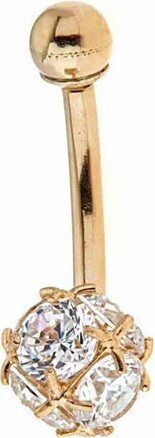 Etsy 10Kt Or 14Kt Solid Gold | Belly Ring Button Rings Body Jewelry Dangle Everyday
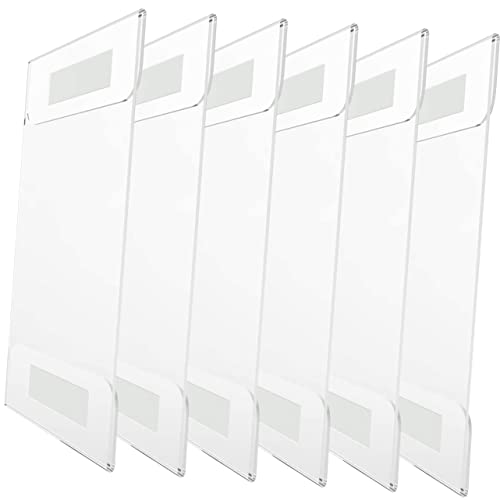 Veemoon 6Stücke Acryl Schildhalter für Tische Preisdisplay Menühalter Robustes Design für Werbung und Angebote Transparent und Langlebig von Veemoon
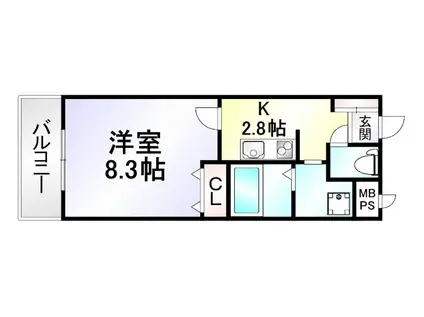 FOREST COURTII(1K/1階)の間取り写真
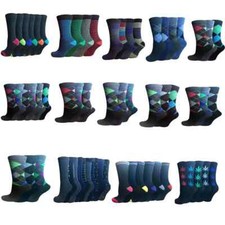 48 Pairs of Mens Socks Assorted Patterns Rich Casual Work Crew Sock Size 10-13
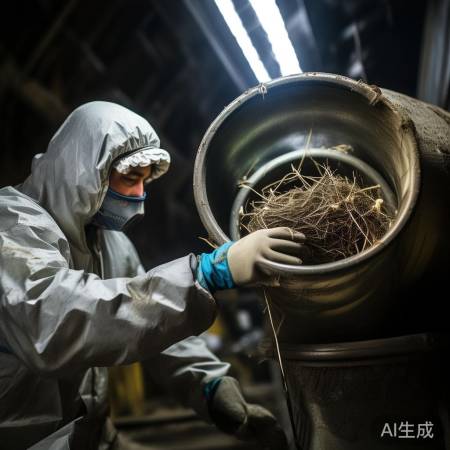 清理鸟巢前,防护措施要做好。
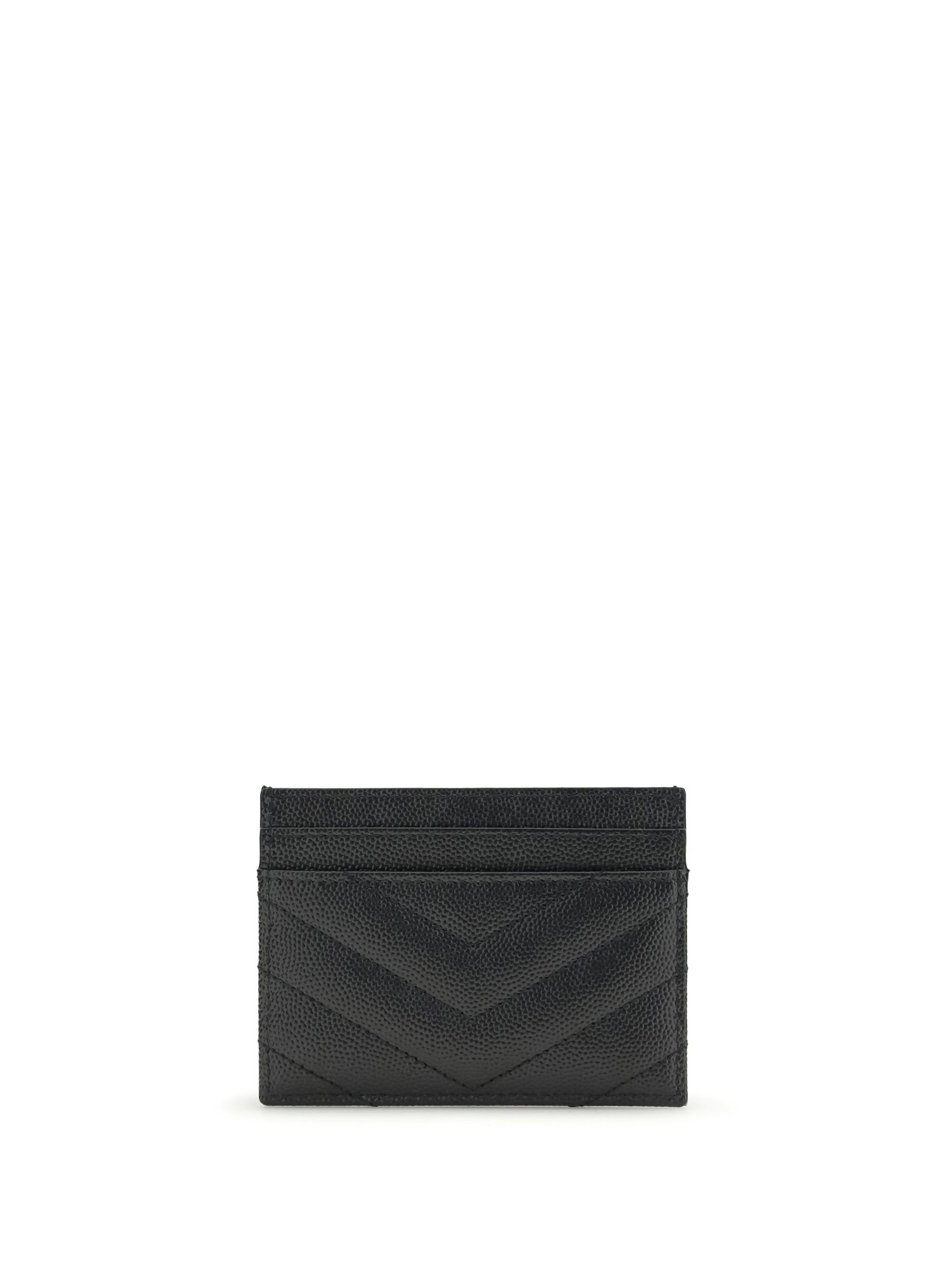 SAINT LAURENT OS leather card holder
==
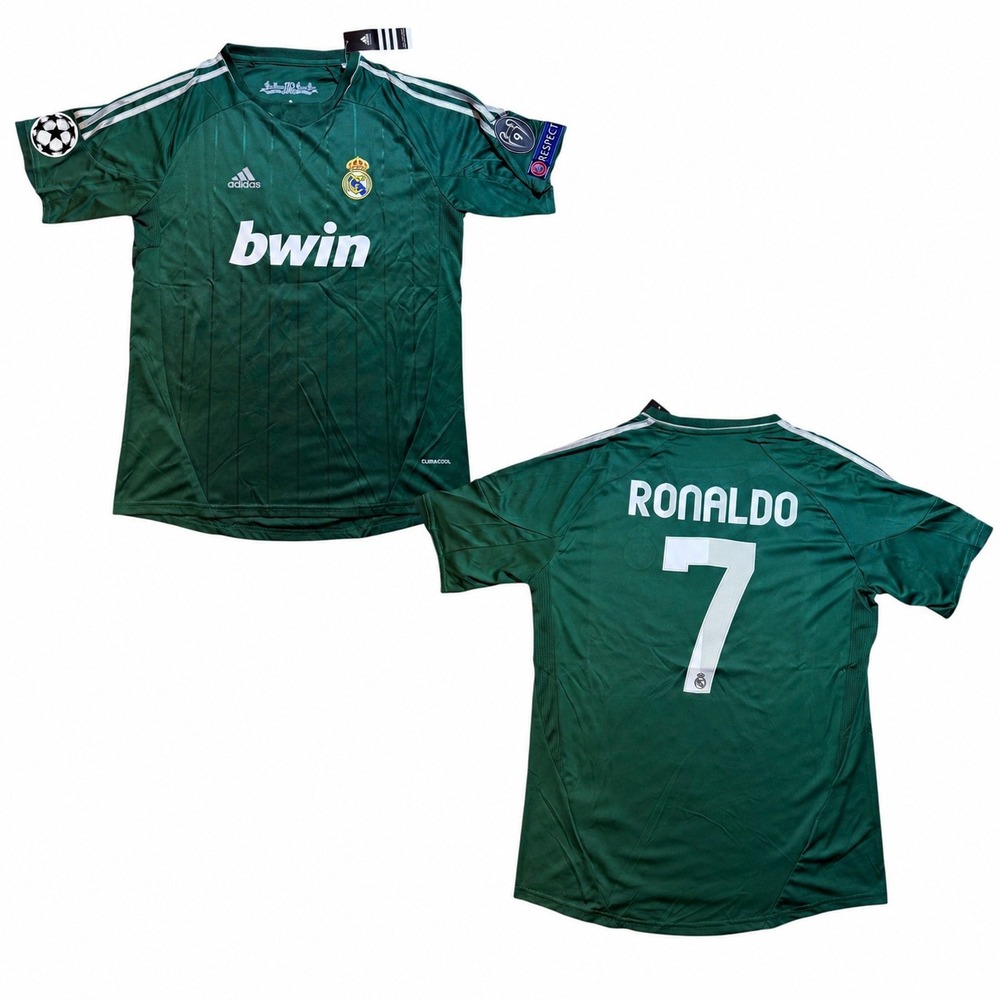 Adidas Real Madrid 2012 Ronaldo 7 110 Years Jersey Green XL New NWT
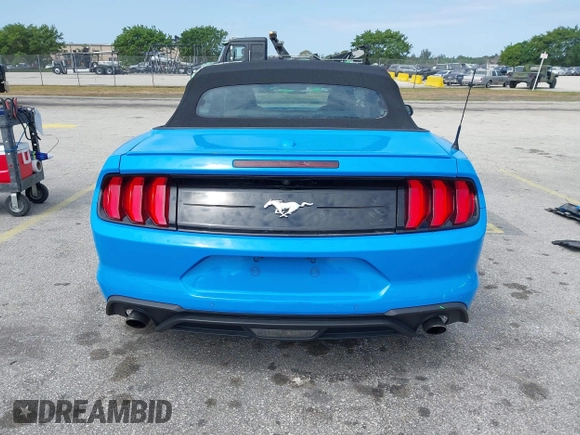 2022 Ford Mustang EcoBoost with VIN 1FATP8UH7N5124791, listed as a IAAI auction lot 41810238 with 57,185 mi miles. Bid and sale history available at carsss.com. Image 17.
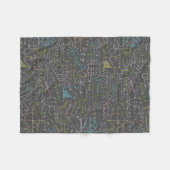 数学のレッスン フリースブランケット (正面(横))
...
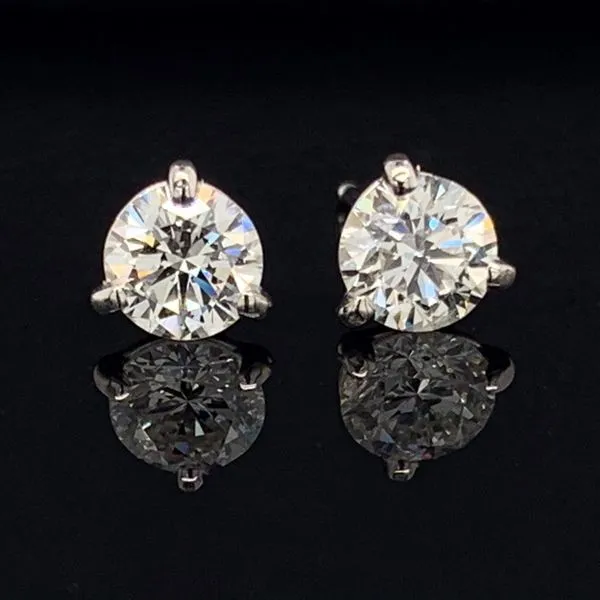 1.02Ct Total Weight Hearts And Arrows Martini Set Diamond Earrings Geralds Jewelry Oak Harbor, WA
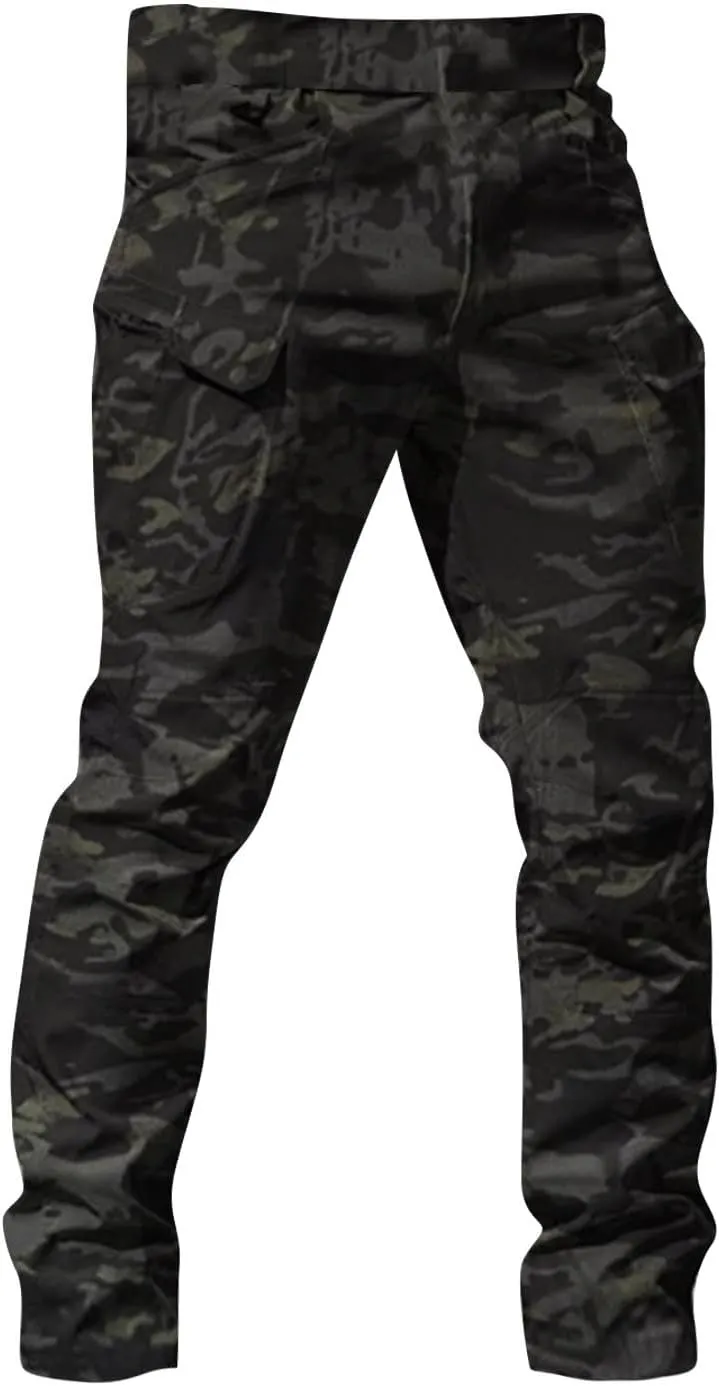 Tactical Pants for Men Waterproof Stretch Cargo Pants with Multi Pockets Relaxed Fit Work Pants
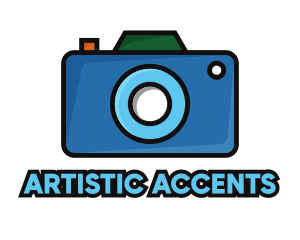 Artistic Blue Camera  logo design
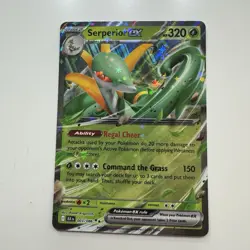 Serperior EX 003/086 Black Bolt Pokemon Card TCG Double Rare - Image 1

EXERCISE DIRECTIONS> When copying from the data above, begin at the line containing "Etsy 10Kt Or" and end at the line containing "SAINT LAURENT OS leather card holder"; return those lines exactly and leave all pictures behind.

EXERCISE OUTPUT>
 Etsy 10Kt Or 14Kt Solid Gold | Belly Ring Button Rings Body Jewelry Dangle Everyday
 Veemoon 6Stücke Acryl Schildhalter für Tische Preisdisplay Menühalter Robustes Design für Werbung und Angebote Transparent und Langlebig von Veemoon
 FOREST COURTII(1K/1階)の間取り写真
 48 Pairs of Mens Socks Assorted Patterns Rich Casual Work Crew Sock Size 10-13
 清理鸟巢前,防护措施要做好。
 SAINT LAURENT OS leather card holder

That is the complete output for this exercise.